What to do = Output the run of lines that opens with the first line of the material below and closes with the line containing "Тениска Мъже HEATGEAR", both included, and drop the pictures.

━━━

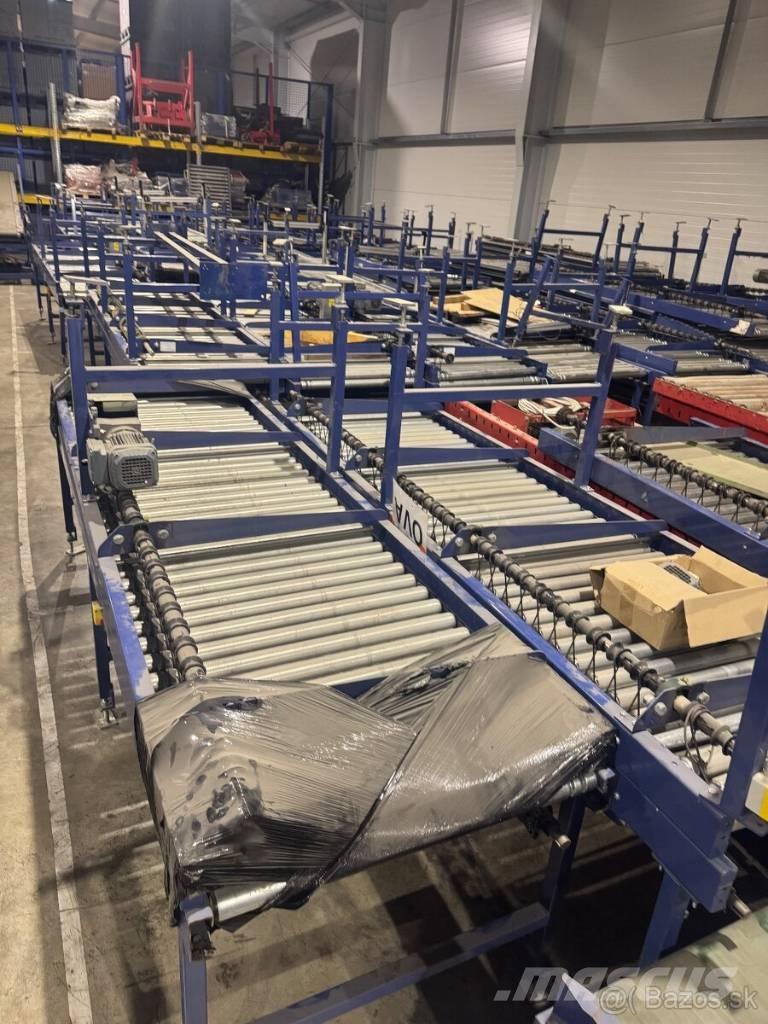  LOGSYS 210334 Konveierid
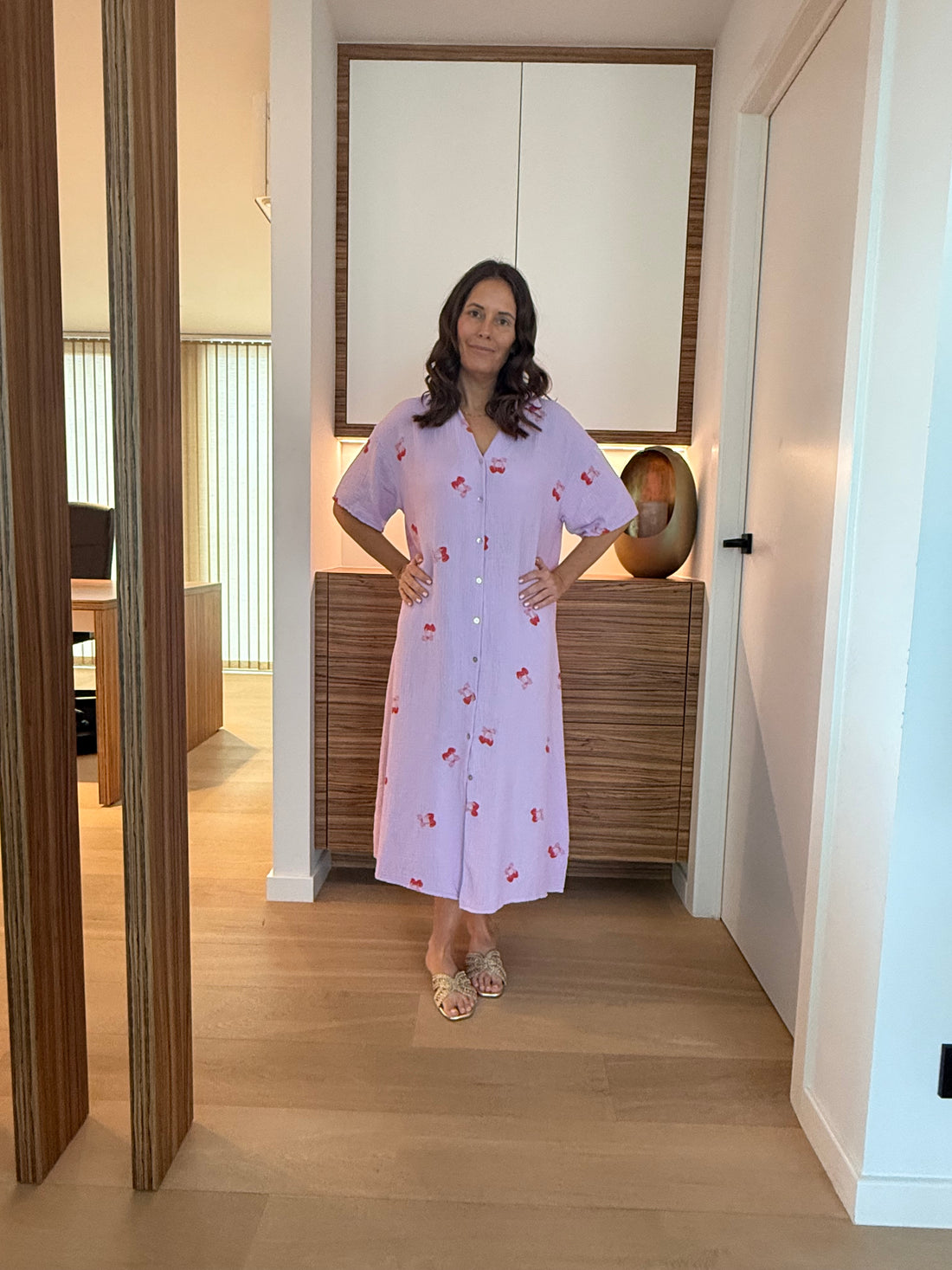 Dina dress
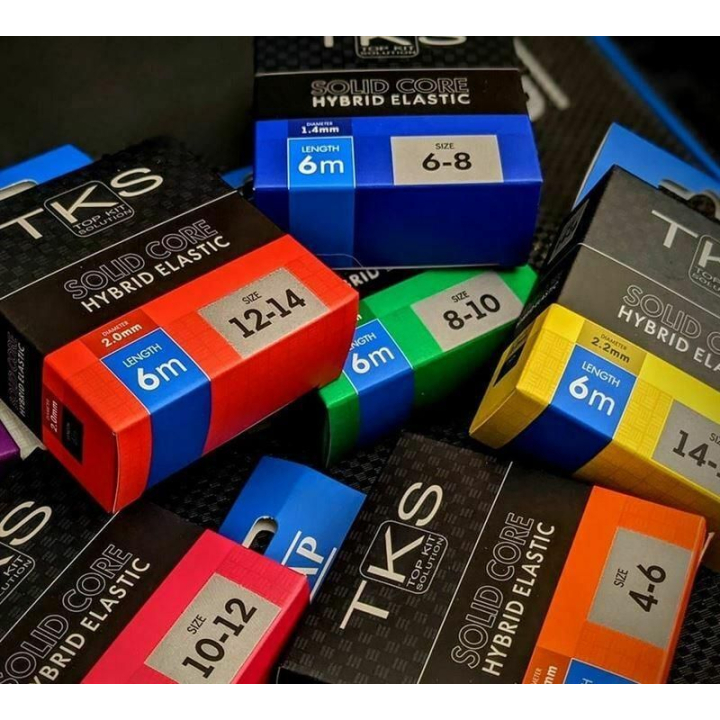 MAP TKS Hybrid Pole Elastics 6m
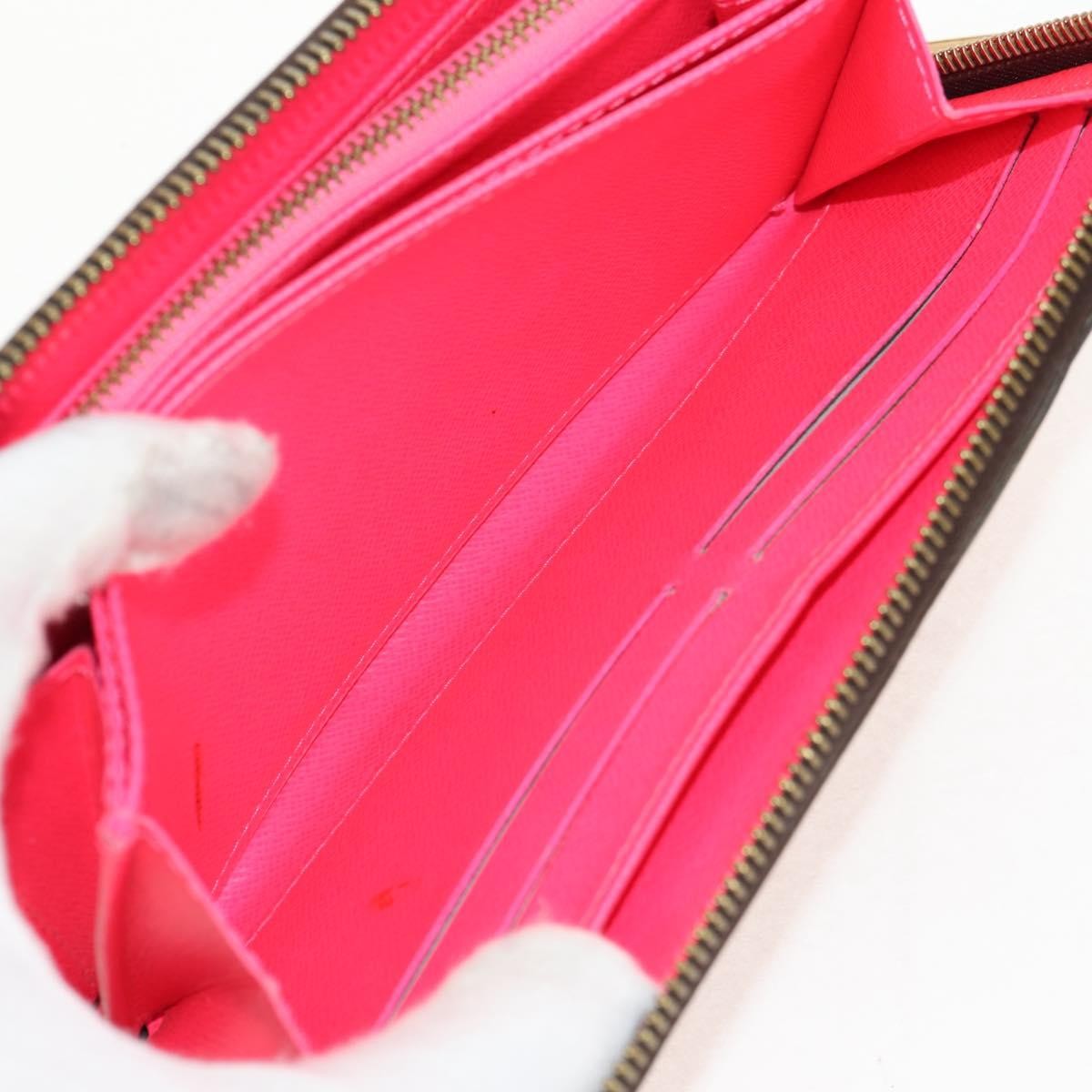 Louis Vuitton Zippy Wallet NM Monogram Graffiti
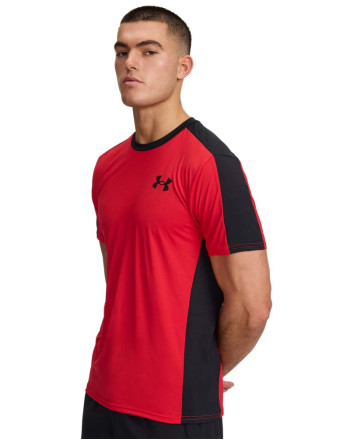 Тениска Мъже HEATGEAR WORDMARK SS Under Armour 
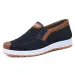Beijing Ddmysaturn Old Men Casual Breathable One Foot For Dad S Wear Resistant And Anti Slip Work Cloth Shoes Canvas_desvips.com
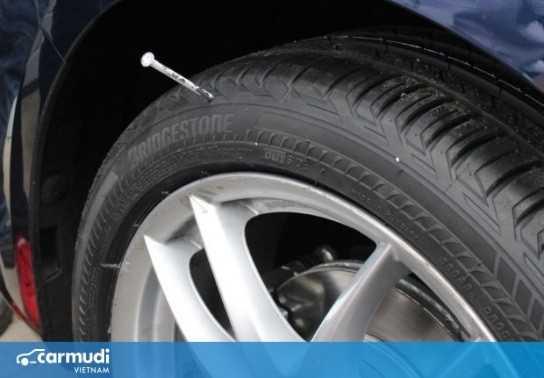 Lựa chọn lốp chống xịt (Runflat): Nên hay không nên?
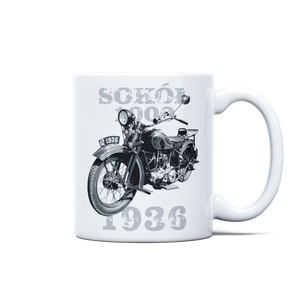 Sokół — kubek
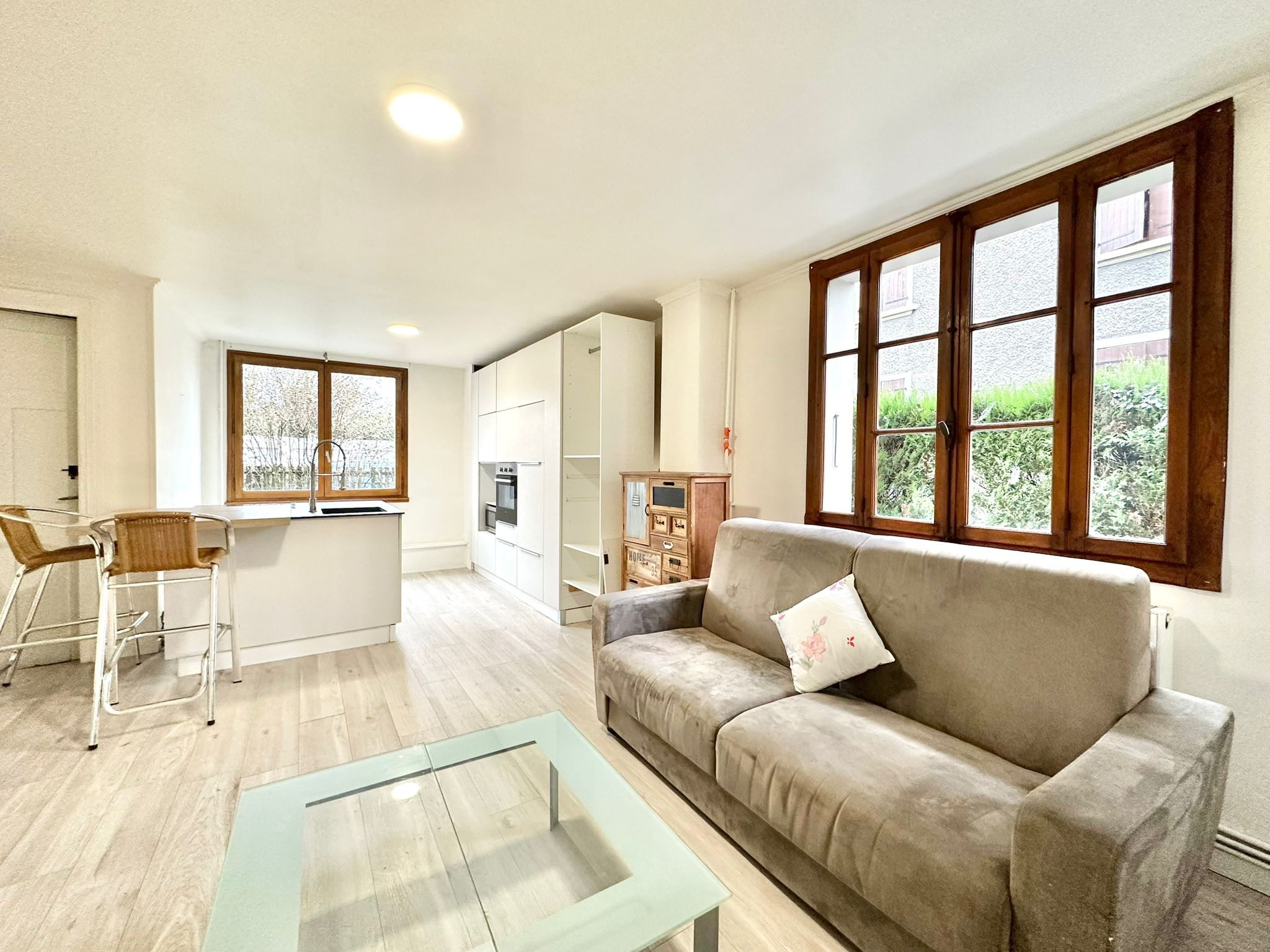 Charmant appartement à Cran-Gevrier !!!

━━━

Response =
  LOGSYS 210334 Konveierid
 Dina dress
 MAP TKS Hybrid Pole Elastics 6m
 Louis Vuitton Zippy Wallet NM Monogram Graffiti
 Тениска Мъже HEATGEAR WORDMARK SS Under Armour 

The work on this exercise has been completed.